Evidence is mounting that the equity measures involved in Stakeholder Capitalism will actually erase wealth rather than create wealth.  To be sure, it would make the majority of people financially even – Instead of being equally rich, we will all suffer in equal poverty.

The downfall of FTX and Sam Blankman-Fried illustrates this problem with clarity.  Fried constantly espoused the pie-in-the-sky ideals of Stakeholder Capitalism, engaging in a kind of corporate charity built on socialist guidelines and climate cultism, while at the same time draining client accounts.   

The FTX profit strategy was based initially on taking advantage of imbalances in international crypto exchange rates; a limited window for a quick cash grab rather than an idea for long term viability.

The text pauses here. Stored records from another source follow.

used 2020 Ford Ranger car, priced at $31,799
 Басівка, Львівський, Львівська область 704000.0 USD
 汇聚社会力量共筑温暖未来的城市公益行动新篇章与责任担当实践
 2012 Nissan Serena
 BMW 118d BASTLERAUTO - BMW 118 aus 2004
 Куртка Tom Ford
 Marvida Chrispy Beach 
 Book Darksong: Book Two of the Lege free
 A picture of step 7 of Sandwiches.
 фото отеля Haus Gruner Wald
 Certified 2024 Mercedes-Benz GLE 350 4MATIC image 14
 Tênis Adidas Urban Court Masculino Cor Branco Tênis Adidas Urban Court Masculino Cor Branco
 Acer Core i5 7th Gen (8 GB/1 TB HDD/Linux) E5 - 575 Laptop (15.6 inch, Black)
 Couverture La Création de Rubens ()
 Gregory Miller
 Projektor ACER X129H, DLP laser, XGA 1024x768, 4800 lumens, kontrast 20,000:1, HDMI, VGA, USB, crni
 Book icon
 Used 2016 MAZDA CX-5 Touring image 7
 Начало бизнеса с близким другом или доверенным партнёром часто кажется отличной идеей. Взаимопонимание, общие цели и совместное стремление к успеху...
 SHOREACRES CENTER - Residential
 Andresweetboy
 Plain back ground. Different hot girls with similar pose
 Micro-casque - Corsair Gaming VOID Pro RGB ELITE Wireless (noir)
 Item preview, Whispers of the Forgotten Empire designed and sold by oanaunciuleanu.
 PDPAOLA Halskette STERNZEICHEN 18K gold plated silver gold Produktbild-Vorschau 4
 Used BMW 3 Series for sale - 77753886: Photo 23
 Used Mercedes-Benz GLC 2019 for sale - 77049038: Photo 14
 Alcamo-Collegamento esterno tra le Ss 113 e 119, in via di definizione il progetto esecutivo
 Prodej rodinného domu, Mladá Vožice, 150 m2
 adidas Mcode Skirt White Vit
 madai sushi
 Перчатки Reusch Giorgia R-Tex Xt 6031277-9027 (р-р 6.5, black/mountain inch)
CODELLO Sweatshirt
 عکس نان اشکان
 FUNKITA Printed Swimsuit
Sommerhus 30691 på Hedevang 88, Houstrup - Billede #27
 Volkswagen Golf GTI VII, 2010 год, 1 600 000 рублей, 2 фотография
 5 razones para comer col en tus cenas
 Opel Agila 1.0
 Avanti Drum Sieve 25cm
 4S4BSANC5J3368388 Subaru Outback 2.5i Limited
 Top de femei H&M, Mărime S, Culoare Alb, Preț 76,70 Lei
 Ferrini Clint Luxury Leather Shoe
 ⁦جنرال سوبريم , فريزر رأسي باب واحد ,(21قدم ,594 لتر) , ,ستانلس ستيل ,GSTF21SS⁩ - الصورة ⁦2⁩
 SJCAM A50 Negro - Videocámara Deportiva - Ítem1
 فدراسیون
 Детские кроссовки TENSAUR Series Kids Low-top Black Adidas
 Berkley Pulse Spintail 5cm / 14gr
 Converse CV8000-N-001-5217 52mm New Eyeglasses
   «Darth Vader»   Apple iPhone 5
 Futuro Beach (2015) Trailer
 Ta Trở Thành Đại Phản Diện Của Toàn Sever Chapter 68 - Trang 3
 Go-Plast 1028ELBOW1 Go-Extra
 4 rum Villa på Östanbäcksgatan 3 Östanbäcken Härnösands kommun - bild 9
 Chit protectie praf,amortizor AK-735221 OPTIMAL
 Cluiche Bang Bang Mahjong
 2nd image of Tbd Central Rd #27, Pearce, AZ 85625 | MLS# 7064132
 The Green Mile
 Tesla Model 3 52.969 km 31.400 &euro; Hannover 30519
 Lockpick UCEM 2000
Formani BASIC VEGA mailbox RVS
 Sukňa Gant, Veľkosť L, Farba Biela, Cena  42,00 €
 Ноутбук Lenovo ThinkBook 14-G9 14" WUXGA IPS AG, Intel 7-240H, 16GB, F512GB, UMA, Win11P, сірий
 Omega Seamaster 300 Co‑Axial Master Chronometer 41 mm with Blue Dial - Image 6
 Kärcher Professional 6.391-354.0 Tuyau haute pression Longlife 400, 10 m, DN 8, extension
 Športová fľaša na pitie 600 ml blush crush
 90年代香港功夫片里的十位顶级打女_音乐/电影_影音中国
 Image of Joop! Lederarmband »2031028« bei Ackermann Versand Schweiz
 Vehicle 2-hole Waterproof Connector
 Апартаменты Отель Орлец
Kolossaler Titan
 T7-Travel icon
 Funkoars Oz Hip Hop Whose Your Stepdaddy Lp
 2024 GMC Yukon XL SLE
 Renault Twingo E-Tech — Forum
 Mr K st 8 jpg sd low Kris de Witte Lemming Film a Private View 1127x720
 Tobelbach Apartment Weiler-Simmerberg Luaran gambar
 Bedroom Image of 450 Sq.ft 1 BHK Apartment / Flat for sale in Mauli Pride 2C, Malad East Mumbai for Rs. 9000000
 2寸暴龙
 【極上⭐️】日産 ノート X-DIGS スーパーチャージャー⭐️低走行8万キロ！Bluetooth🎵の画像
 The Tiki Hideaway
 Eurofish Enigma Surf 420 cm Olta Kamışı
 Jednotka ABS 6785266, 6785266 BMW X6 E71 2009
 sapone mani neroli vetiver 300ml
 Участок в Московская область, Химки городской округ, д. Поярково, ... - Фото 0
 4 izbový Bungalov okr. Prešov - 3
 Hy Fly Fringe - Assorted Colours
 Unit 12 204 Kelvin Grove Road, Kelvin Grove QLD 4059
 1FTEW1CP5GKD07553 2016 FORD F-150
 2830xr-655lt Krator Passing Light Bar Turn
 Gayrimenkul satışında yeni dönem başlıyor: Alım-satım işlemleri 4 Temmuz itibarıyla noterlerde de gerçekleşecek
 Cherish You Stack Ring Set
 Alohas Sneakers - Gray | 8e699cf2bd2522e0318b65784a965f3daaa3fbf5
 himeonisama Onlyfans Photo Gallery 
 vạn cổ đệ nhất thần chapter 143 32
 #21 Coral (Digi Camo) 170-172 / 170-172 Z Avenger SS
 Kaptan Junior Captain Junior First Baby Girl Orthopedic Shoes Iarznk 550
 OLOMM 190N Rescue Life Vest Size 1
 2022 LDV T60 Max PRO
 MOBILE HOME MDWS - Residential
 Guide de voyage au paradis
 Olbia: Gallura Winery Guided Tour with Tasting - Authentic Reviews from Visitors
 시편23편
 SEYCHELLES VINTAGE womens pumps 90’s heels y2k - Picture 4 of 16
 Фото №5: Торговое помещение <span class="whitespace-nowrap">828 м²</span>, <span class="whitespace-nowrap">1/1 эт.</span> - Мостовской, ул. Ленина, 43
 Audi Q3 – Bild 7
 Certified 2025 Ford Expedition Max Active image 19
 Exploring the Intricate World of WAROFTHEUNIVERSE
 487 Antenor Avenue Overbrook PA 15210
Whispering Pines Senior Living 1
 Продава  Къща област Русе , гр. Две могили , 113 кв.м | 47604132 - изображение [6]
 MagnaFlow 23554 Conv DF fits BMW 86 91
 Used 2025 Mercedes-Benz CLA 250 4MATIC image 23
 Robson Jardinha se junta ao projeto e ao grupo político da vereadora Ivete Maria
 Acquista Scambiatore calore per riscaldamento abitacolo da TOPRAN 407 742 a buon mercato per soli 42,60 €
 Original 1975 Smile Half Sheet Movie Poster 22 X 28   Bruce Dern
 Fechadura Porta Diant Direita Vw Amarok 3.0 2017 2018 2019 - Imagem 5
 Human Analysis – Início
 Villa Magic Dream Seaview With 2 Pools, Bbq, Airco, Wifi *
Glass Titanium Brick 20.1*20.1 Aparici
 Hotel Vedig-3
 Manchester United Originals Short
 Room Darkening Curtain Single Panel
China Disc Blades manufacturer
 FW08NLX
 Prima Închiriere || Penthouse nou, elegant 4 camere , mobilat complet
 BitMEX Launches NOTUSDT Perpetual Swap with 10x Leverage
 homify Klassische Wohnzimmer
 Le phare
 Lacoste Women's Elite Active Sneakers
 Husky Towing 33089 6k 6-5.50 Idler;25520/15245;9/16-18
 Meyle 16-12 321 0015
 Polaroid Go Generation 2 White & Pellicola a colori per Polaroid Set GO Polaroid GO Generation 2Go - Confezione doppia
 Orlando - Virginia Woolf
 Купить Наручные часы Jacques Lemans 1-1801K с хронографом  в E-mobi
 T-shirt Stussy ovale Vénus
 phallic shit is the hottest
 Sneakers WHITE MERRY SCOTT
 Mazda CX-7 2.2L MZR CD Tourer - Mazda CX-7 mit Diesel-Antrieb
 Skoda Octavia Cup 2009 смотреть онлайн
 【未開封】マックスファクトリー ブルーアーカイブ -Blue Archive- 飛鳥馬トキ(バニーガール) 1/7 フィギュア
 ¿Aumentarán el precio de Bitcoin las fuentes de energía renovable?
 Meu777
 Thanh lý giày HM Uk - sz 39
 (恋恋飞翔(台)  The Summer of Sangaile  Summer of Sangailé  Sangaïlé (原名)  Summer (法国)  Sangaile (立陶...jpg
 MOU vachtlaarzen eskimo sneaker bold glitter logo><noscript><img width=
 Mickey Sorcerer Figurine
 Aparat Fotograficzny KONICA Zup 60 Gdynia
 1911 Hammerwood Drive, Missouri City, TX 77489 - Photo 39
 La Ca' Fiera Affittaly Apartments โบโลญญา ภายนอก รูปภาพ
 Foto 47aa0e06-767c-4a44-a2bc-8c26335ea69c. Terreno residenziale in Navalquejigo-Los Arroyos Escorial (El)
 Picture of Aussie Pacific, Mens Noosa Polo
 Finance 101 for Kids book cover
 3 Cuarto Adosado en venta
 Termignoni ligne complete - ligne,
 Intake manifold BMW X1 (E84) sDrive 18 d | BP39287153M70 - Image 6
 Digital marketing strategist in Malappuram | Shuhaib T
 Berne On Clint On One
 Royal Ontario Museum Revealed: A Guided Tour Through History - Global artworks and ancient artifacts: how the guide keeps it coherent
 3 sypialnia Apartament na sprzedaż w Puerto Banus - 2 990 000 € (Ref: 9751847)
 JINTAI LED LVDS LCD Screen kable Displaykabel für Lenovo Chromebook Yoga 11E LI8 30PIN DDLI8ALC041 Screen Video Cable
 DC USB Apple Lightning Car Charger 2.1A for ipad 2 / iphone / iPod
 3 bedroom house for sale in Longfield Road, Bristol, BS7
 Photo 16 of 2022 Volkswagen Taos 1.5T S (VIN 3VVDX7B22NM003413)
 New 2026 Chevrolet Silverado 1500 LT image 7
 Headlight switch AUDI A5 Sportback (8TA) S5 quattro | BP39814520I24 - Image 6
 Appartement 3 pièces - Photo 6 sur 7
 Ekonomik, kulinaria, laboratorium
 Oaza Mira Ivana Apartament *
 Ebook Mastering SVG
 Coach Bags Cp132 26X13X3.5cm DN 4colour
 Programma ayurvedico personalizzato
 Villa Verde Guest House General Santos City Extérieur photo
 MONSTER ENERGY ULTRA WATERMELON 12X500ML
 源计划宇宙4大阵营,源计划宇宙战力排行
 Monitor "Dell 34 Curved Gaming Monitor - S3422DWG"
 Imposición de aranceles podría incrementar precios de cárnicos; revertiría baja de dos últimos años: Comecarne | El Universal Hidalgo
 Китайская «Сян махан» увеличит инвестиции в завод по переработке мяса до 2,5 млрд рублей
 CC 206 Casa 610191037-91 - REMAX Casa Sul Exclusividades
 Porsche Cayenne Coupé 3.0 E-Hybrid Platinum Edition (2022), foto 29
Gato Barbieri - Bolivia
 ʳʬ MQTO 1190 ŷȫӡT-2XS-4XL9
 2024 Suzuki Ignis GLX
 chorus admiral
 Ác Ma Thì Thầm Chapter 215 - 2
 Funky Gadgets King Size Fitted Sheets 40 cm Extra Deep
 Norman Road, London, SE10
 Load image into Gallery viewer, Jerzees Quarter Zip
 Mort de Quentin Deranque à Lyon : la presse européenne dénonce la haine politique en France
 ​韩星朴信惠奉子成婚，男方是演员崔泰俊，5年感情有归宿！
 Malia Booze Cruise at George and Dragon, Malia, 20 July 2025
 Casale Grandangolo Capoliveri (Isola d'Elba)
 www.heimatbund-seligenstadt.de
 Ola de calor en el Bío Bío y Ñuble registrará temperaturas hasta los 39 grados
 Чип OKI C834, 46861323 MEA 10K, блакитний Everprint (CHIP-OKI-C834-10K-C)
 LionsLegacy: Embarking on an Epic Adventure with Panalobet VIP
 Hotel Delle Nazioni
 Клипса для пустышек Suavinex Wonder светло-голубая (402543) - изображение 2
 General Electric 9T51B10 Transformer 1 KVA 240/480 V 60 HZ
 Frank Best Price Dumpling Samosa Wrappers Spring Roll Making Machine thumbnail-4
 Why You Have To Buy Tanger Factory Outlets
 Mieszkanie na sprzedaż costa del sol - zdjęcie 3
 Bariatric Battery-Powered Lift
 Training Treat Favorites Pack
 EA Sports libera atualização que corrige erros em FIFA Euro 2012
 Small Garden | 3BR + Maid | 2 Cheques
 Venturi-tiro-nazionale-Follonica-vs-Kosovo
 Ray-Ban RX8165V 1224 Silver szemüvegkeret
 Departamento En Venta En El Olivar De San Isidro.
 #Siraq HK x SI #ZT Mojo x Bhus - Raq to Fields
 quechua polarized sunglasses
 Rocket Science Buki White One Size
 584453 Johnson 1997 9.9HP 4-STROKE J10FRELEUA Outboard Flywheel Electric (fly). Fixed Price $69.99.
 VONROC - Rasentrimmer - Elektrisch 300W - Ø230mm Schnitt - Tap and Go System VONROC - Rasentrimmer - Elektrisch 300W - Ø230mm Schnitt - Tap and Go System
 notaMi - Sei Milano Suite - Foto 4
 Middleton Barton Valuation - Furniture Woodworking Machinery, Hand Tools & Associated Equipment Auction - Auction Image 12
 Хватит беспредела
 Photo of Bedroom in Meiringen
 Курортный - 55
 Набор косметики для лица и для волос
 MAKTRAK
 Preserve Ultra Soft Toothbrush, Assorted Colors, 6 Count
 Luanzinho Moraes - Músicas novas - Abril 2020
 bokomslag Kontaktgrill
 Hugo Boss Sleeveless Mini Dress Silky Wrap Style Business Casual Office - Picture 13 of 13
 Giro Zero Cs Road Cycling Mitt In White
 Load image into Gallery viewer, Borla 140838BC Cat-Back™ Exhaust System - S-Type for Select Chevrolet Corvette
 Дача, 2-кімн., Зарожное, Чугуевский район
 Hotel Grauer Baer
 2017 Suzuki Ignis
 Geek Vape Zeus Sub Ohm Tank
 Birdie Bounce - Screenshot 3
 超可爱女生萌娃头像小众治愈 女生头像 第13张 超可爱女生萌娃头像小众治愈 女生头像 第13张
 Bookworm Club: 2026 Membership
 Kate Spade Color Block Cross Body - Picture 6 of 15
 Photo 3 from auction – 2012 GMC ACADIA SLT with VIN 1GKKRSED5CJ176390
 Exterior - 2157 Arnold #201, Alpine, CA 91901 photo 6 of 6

It also relied on the crypto market constantly reinventing the wheel with new branding and marketing to grow demand for technology that the majority of people around the world don't really need or particularly desire.  

Fried suggests that his intent all along was to expand capital as a means to give it away to leftist causes.  He donated over $40 million to Democrat campaigns, for example.  The problem was he failed in business while giving away the money of his clients at the same time.  Some people argue that his clients are partly culpable for the losses, but Fried explicitly stated that his company would not use client funds in such a way.  He lied to them, which is not a great feature of a supposed humanitarian.          

Being 30 years old and naive certainly didn't help him, but Fried is a perfect example of why corporation leaders have no business being involved in social engineering.  They are not qualified enough nor intelligent enough nor benevolent enough to mold society at large; no one is that wise or experienced.  Beyond that, the Stakeholder Capitalism ideology is rooted in socialist drivel, making FTX a socialist drivel-based company.

The model is designed to inevitably reduce the standard of living for most people over time rather than improve it.  Fried just showed us how and why.  

FTX is a petri dish for the disease of Stakeholder Capitalism.  In the end, FTX and Fried are a warning to us all that business should be separate from politics and cultural moderation. They are better off focusing on making money and increasing productivity and innovation; those companies that can't should be allowed to fail, not be propped up as pillars of social cohesion.  This is the true way to ensure human progress.  In the meantime, the rest of us are much better off without their help and “charitable” oversight.”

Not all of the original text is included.